Sin duda es el episodio más complejo de toda la temporada, tanto en la trama como en la escenografía, que recoge alusiones (huevos de pascua o easter eggs, en inglés) de todos los capítulos de la serie y que, de nuevo, sirve para comprender que muchas de las historias conviven dentro de un mismo universo —o podrían hacerlo—. Las tramas siguen hablando de la identidad, y de cómo esta puede pervertirse mediante el mal uso de la tecnología. Black Museum retoma el discurso del individuo y el yo, y de cómo este puede alterarse y descontrolarse a medida que creamos y superponemos capas de realidad, así como las implicaciones éticas y los sesgos cognitivos que estos pueden causar —hay que tenerlos cuadrados para convencerse de que es buena idea meterte a tu novia en la cabeza, así como a tu ex en un osito de peluche— como el resto de personajes que se mueven entorno a Carrie en su historia o la ausencia de un proceso legal que prevea la mayoría de los casos en los que Rolo se ve envuelto durante su época como reclutador de investigación neurológica: ¿qué importa más?, ¿el individuo o el avance científico? La respuesta parece obvia.
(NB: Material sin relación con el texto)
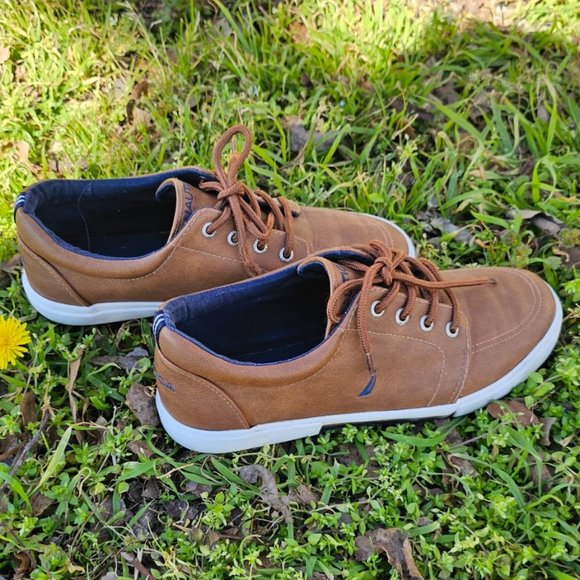 NAUTICA  TALLA 5  COLOR CAFE - Picture 4 of 10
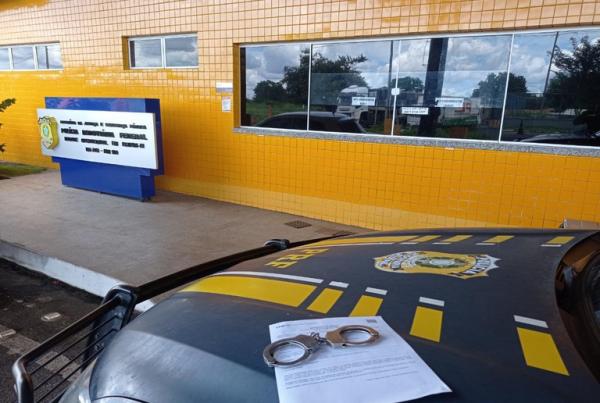 PRF em Floriano prende foragido da justiça do Maranhão pelo crime de tráfico de drogas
Con toda probabilidad, el desenlace de Nish y Rolo es la mayor vuelta de tuerca que encontramos en estos seis episodios, o casi, y, a su vez, se encuentra perfectamente hilada tanto con la última historia, como es lógico, como con las anteriores: el oso de peluche en el coche, la identidad de Nish, el museo en llamas, la justicia poética que se le inflige a Rolo… Como pequeña contrapartida, lo adelanté al inicio del artículo: parece difícil creer que todas estas historias se puedan desarrollar en una misma línea temporal; esperemos que este caramelo que se nos lanza a los espectadores, no se vuelva contra la serie.
En definitiva, la cuarta temporada se cierra con dos conceptos que están mucho más cerca de nosotros de lo que podríamos imaginar: conciencia digital e identidad virtual llevadas, a menudo, a los extremos más espantosos y distópicos que se nos pudieran ocurrir, pero solo en el marco de la falta de probabilidad, no de la imposibilidad. Asusta un poco, ¿eh?